How Your Grease Trap or Grease Interceptor System Works

When maintained properly, grease traps prevent your kitchen grease and food waste materials from entering the city sewer system.  Grease is a leading cause of sanitary sewer overflows, since it clogs sanitary sewer lines and ultimately causes line blockages.  The result is all too frequent discharges of untreated wastewater into streets, homes and commercial enterprises.  Ultimately these problematic wastestreams enter our local waterways, where they cause further cleanup costs and restrict recreation, tourism and commerce. Your traps must be regularly emptied and periodically cleaned to prevent costly and dirty back-ups or over-flows.

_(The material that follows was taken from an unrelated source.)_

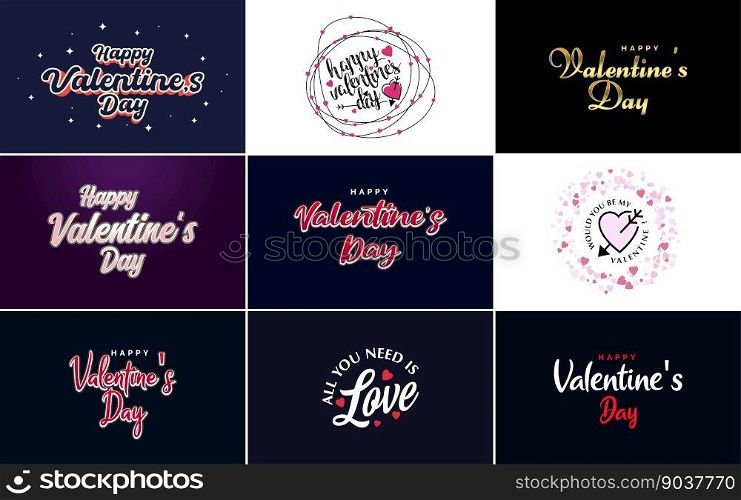 Love word hand-drawn lettering and calligraphy with cute heart on red. white. and pink background Valentine’s Day template or background suitable for use in Love and Valentine’s Day concept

  1. Your kitchen’s complete plumbing system, including sinks, dishwashers, floor-drains and mop-sinks, drains into the grease trap or grease interceptor system.
  2. Wastewater flows into either an interior or exterior (usually in-ground) grease trap system.  A baffle separates the inlet and outlet of the trap, keeping grease in. 
  3. Grease floats to the top of the grease trap, while solids settle on the bottom. The trap or interceptor must be vacuum pumped regularly by a skilled service provider to remove the entire contents of the trap.
  4. Clean water then continues to flow into your sewer or septic system.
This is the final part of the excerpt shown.